Vom Demokratiefördergesetz zum Demokratieentwicklungsprogramm

22.03.2022 | Stellungnahme zum Diskussionspapier von BMFSFJ und BMI für ein Demokratiefördergesetz von Rupert Graf Strachwitz

Vom Demokratiefördergesetz zum Demokratieentwicklungsprogramm

Stellungnahme zum Diskussionspapier von BMFSFJ und BMI für ein Demokratiefördergesetz•

Nachdem die Bundesregierung durch die Koalitionsvereinbarung gehalten ist, ein Demokratiefördergesetz unter Beteiligung der Zivilgesellschaft auf den Weg zu bringen, ist die Gelegenheit zur Stellungnahme zu dem vorgelegten Diskussionspapier folgerichtig und zu begrüßen. Ich nehme wie folgt Stellung:

1. Diskurs- und handlungsleitend muß die Erkenntnis sein, daß sich der öffentliche Raum in der Gesellschaft des 21. Jahrhunderts gleichermaßen aus kollektivenAkteuren der Zivilgesellschaft, der Wirtschaft und des Staates zusammensetzt, die sich in unterschiedlichen Funktionen und Aufgabenstellungen in die Gestaltung dieses Raums einbringen. Letztlich wird die Demokratie ebensowenig durch Haushaltsmittel und Zuwendungen wie durch immer mehr Kontrollen gefördert und weiterentwickelt, sondern durch demokratische Interaktion all dieser Akteure und einen intensiven, die Bürgerinnen und Bürger mitnehmenden Diskursprozeß!

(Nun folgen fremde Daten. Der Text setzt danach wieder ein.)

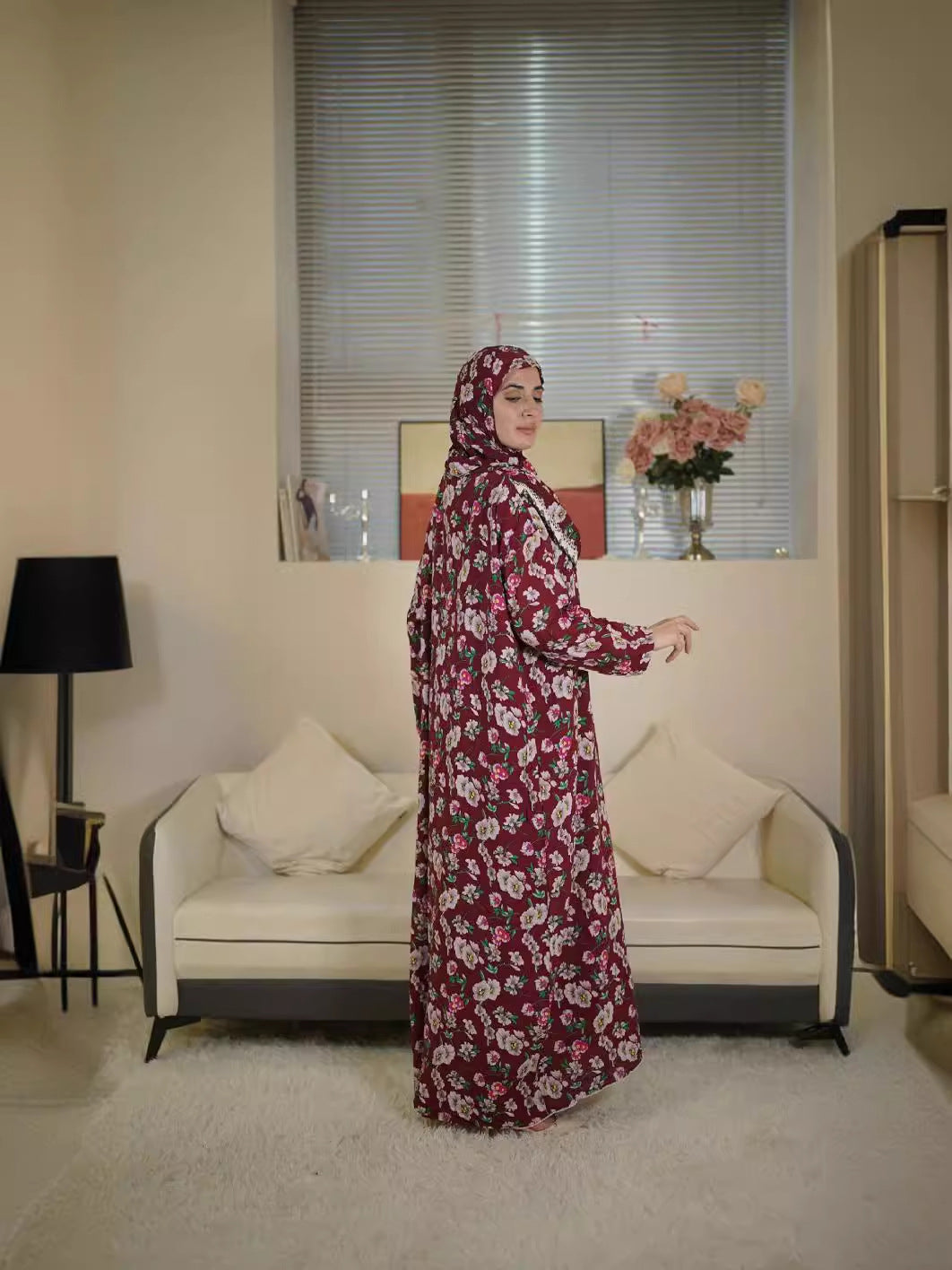 63 Middle Eastern Islamic women's robes Women's traditional lace printed prayer robes abaya Dresses/gowns prayer set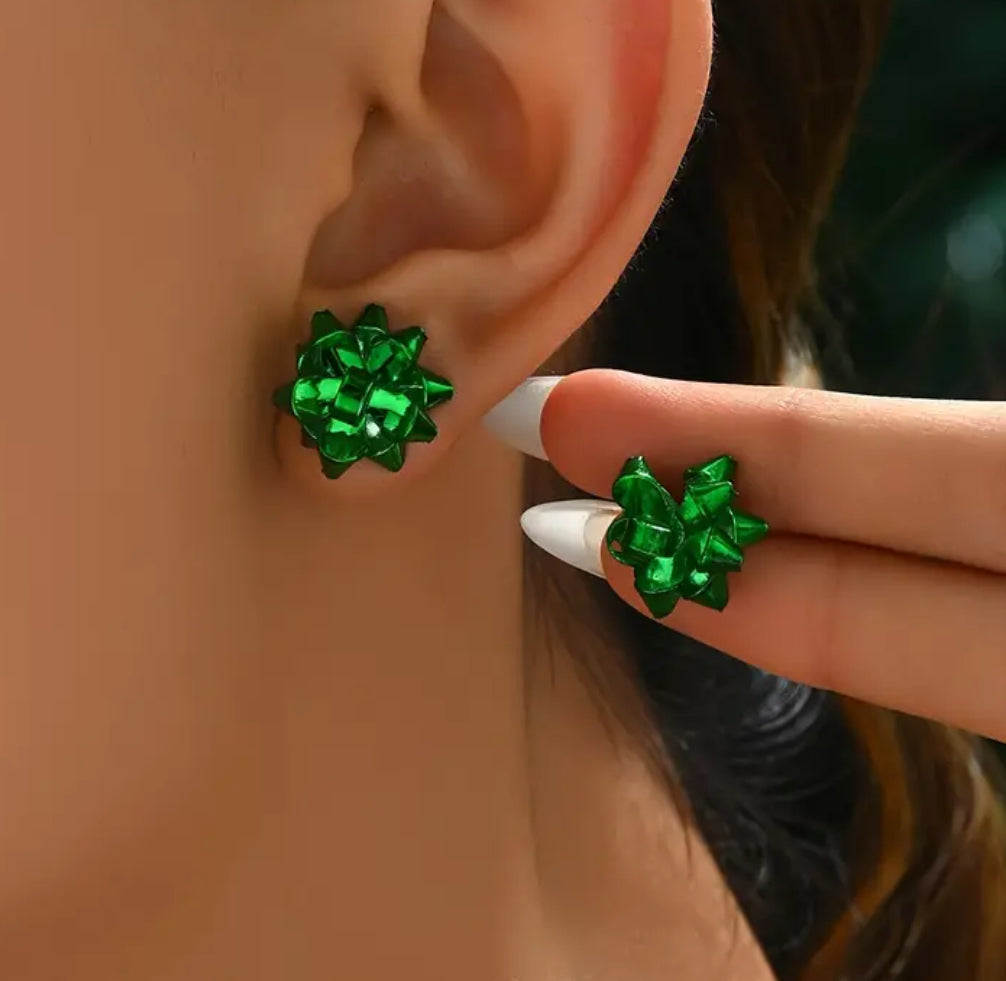 Green Fashion Christmas Bow Earrings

2. Ziel des Vorhabens muß es sein, die heterarchische, pluralistische Gesellschaftsordnung im Kampf gegen hierarchische, populistische Ordnungsvorstellungen zu stärken. Dies bedeutet beispielsweise,

• zu erkennen, daß die Demokratie in Deutschland fest verankert, aber nicht fehlerfrei ist und insbesondere dringend der Weiterentwicklung und Anpassung an die erfolgten und zu erwartenden erheblichen gesellschaftlichen, politischen und sonstigen Veränderungen bedarf,

• populistische, autoritäre und obrigkeitsstaatliche Elemente der gegenwärtigen überkommenen Ordnung zu identifizieren und auszumerzen,

• die nicht-staatlichen Akteure in der Gesellschaft als selbständige und womöglich kritische Beitragende zum Gemeinwohl zu akzeptieren und ernst zu nehmen,

• die Demokratie so weiterzuentwickeln, daß sie die übrigen Grundprinzipien der Gesellschaft, zu deren Achtung sich die Bundesrepublik Deutschland und ihre Bürgerinnen und Bürger verpflichtet haben, wirksam schützen kann. Hierzu zählen u.a. die Menschen- und Bürgerrechte und die Herrschaft des Rechts.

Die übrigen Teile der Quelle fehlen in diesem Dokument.